Records Start Marker

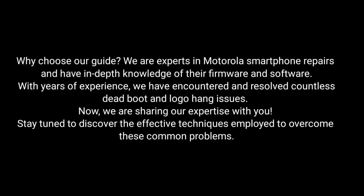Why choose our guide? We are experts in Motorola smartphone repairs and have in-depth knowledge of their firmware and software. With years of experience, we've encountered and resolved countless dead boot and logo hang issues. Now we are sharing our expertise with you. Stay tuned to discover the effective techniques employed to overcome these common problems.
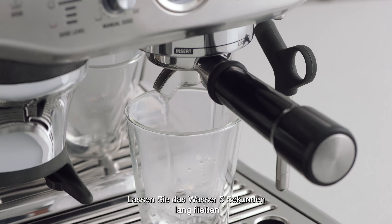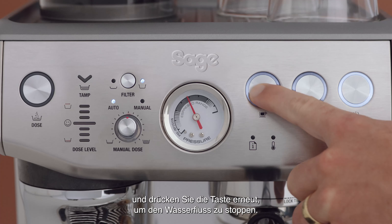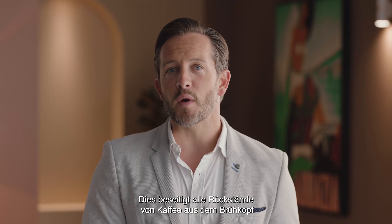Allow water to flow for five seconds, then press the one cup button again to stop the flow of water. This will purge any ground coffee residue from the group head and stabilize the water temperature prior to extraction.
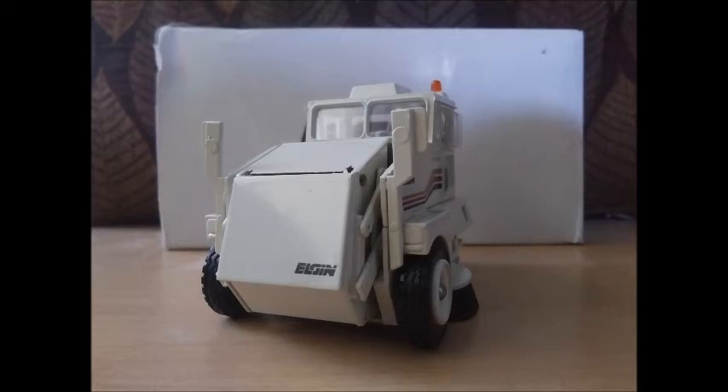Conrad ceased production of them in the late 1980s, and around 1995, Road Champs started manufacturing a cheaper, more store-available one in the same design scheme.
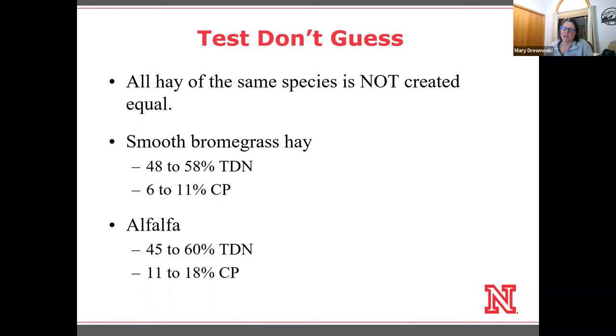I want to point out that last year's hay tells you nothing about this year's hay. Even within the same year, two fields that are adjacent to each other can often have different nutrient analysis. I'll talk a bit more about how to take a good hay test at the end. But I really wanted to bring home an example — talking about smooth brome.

Records End Marker
Records Start Marker

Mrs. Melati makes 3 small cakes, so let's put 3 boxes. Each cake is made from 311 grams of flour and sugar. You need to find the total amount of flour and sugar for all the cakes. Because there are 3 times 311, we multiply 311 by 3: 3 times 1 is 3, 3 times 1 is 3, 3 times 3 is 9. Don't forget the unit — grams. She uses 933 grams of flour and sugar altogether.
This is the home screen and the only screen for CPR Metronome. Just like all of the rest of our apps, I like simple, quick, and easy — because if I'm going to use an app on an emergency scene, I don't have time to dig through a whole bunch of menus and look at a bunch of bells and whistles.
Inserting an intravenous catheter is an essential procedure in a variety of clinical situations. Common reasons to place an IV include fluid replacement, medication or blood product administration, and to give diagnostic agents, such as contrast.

Records End Marker

What is being asked: Begin with the line above that has "This is the" and continue through the line that has "Inserting an intravenous", setting each one down exactly. Stop there.

Answer to this problem:
This is the home screen and the only screen for CPR Metronome. Just like all of the rest of our apps, I like simple, quick, and easy — because if I'm going to use an app on an emergency scene, I don't have time to dig through a whole bunch of menus and look at a bunch of bells and whistles.
Inserting an intravenous catheter is an essential procedure in a variety of clinical situations. Common reasons to place an IV include fluid replacement, medication or blood product administration, and to give diagnostic agents, such as contrast.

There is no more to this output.